RTX (NYSE: RTX) stock has been on a downward trend since the company outlined the expected financial consequences of issues with one of its most popular aircraft engines. After the decline some investors might be thinking this is a buying opportunity, but at least one Wall Street analyst is warning against it.
Shares of RTX fell more than 2% on Thursday morning as would-be buyers continue to shy away from the aerospace giant.
RTX, which until recently was known as Raytheon Technologies, has a massive array of defense and commercial aerospace businesses including Pratt & Whitney jet engines. In July, the company discovered a problem with its PW1100G-JM engine that powers the Airbus A320neo, and this week revealed that the issues would lead to billions in charges and lost free cash flow.
Shares of RTX are now down 14% over the past 30 days, and 28% below their highs for the year. RTX is an established company with the wherewithal to get past this crisis, which has led to some suggestions that this slump could be a buying opportunity.
Bank of America urges caution. On Thursday, analyst Ronald Epstein downgraded RTX to underperform from neutral and cut his price target to $75, from $95. Epstein wrote that while some might think RTX is a value play following its decline, the firm sees “significant near-term risks” and expects RTX to continue to underperform until there is more clarity about the extent of the engine mess and how long it will take to fix it.

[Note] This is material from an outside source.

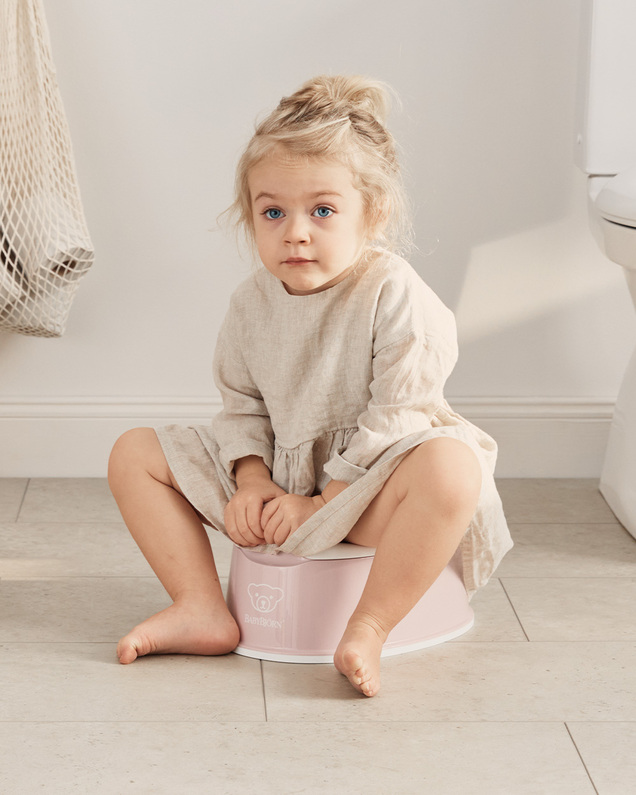 Smart pot Pastel pink/white colour  Babybjörn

There is still a glimmer of hope for long-term-focused investors. RTX’s missile business should do well in the quarters to come as the Pentagon restocks and focuses on assistance to Ukraine, and the U.S. and European allies build their focus on defense in response to Russia’s aggression.
On the commercial side, the company’s Collins Aerospace business is performing well, according to Epstein, and should help to at least soften the blow from the Pratt & Whitney charges. For those who are willing to buckle up and face what could be months and months of continued headwinds due to the engine issue, now could indeed be a buying opportunity.
But even after the financial disclosures this week, investors won’t fully know the extent of the charges and the long-term reputational damage done to RTX and Pratt & Whitney until long after this ordeal is over. Given the uncertainty, RTX shares are finding it hard to gain altitude.